The first step in that direction was a move by the warring state administrations, through each state’s sitting members of Congress, to demand – as a condition for approval of the tax reform package – that certain transition rules be established in the search for interstate tax peace. 

After extensive additional wrangling, the desired transition rules were created: it was decided that the extensive list of what amount to illegal fiscal benefits already granted by state governments would be made valid under the Brazilian Constitution. More than that, the validity of these concessions would be extended for eleven years. Tax reform, therefore, if approved as it stands, will serve to legitimize all of what is now considered unconstitutional – numerous measures that should remain open to legal challenges. 

But the most serious aspect of this whole affair is the fact that the tax reform proposal – which involves a constitutional amendment already passed by the Lower House of Congress – has in fact created a stunning aberration. And this was done intentionally. Instead of setting a prior date for the end of the tax breaks it meant to eradicate, it established instead a future date by when all technically illegal fiscal benefits granted by state governments would remain valid for the already mentioned eleven year period. That date was September 30, 2003. 

Amazing as it may sound, the tax reform that intended to put an end to Brazil’s fiscal war between states created, instead, a frantic rush at various state legislatures to approve tax breaks and giveaways – the last kick at the tax war can, one might call it. In effect, state governments in Brazil did over 30 days in September what 30 years of tax war couldn’t have accomplished. 

Among numerous acts of madness approved by various states before the September 30 deadline, surely the most exotic was perpetrated by the Rio de Janeiro state legislature. Not only did it create new breaks and incentives for goods produced within its boundaries, but it also passed a measure offering a rebate of 90 percent of the ICMS due on all imported goods from anywhere in the world, provided they enter Brazil through the ports and airports of Rio de Janeiro. 

This rebate is designed to look like a government credit line, the amount of credit being the equivalent of 90 percent of the ICMS tax due, with a five-year payback term, and an additional ten-year amortization period on top of that, at 6 percent interest per annum and without monetary corrections in the event of a currency devaluation. In other words, the Brazilian state of Rio de Janeiro is in effect subsidizing imported goods, that once here will compete with goods produced in Brazil, on which all taxes were collected. 

In the final version of this absurdity, the tax-warring legislators from Rio appeared somewhat thrown by the reaction to their bright idea, and promised to exclude consumer goods from what amounts to an imports subsidy program. Which doesn’t really improve matters by much, since Brazilian industrial output goes far beyond consumer goods. 

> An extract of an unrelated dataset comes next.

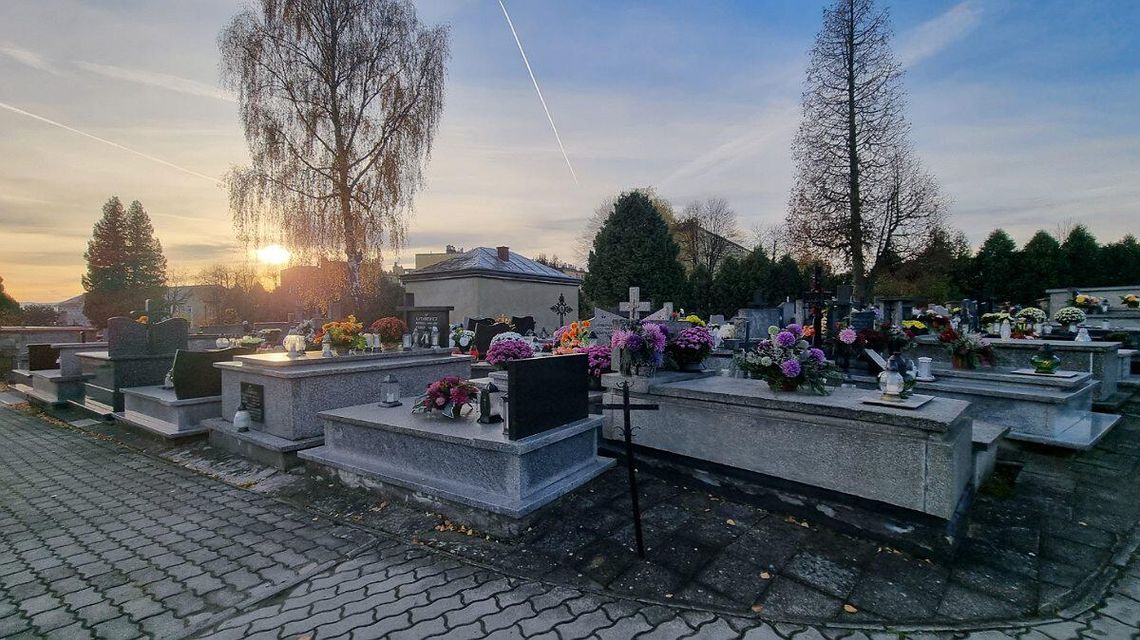 Święto Wszystkich Świętych w Gorlickiem. Na cmentarzach ruch zdjęcie przedstawia groby na cmentarzu w Gorlicach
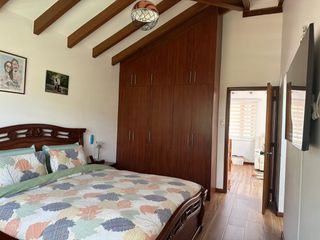Foto 8 de SE RENTA CASA 200M2 4 DORMITORIOS, PATIO CONJUNTO PRIVADO, SECTOR TUMBACO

As it awaits final approval in the Senate, the tax reform proposal passed by the Lower House of Congress will probably undergo major surgery. Changes should include the dismissal of that exotic article that validates future illicit salvos in the fiscal war between states. That alone would ensure that all such measures passed by state legislators in September end up at odds with the Constitution. 

I do believe however that the milk has already been spilled, since in many cases, the September laws have been put into effect, and will not become more or less unconstitutional than the myriad of fiscal war measures edited over many years prior to September. All of which continue to produce negative effects, in spite of numerous attempts to overturn them that have gone before the Brazilian Supreme Court. 

Strange and unimaginable as it might have been, Brazil’s attempt at a much-needed tax reform, originally intended to improve competitiveness in the domestic productive sector, ended up subsidizing products from the rest of the world.